XGBoost ("eXtreme Gradient Boosting") is a particular implementation of gradient boosted decision trees. It is popular on Kaggle because it is both fast to train and often gives excellent predictive performance.

## Getting Started with XGBoost

We will use the `xgboost` library instead of scikit-learn for this lesson. Scikit-learn has [`GradientBoostingClassifier`](https://scikit-learn.org/stable/modules/generated/sklearn.ensemble.GradientBoostingClassifier.html) and [`GradientBoostingRegressor`](https://scikit-learn.org/stable/modules/generated/sklearn.ensemble.GradientBoostingRegressor.html) classes, but they lack some of the tricks that have made the `xgboost` library popular.

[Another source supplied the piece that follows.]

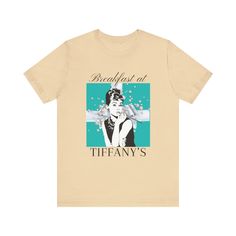 Breakfast at Tiffany's T & Co Brunch T-Shirt, Classic Audrey Crew, Girls Brunching Weekend Tee, Women's Shirt, Mimosa And Champagne Gifts ETHICAL MANUFACTURING AND ENVIRONMENTALLY FRIENDLY 1. 100% No Sweatshops & Eco-Friendly 2. All dyes are environmentally friendly and Bella & Canvas uses 7X less water than the average clothing manufacturer 3. Bella & Canvas are members of and exceed the standards set out by the Fair Labor Association (FLA) and Worldwide Responsible Accredited Production (WRAP) Summer T-shirt With Screen Print For Brunch, Spring Brunch Graphic Print T-shirt, Spring Graphic Print T-shirt For Brunch, Short Sleeve Screen Print T-shirt For Brunch, Short Sleeve T-shirt With Screen Print For Brunch, Graphic Tee With Screen Print For Brunch, Trendy Relaxed Fit T-shirt For Brunch, Tiffany T, Champagne Gift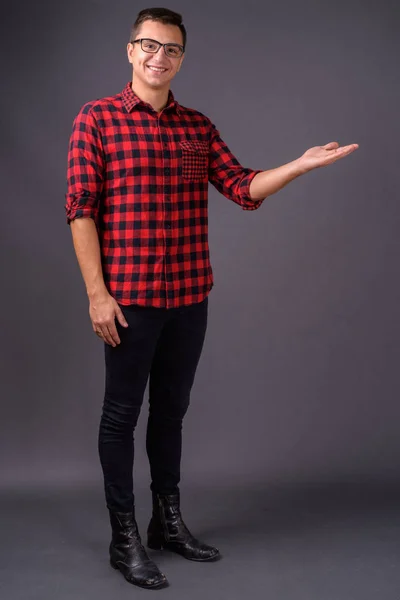 Studio shot of young handsome man against gray background — Stock Photo, Image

`xgboost` provides estimators that use the same interface as scikit-learn's, so we will not need to change our approach.

In [4]:
# Import the xgboost package
# /scrub/
import xgboost as xgb

In [5]:
# Instantiate an XGBoost regressor
# /scrub/
xgb_reg = xgb.XGBRegressor()

**Exercise (20 mins., in pairs)**

- Load the Ames housing dataset from `assets/data/ames_train.csv` in this lesson's base directory.

In [6]:
# /scrub/
ames_df = pd.read_csv('../assets/data/ames_train.csv')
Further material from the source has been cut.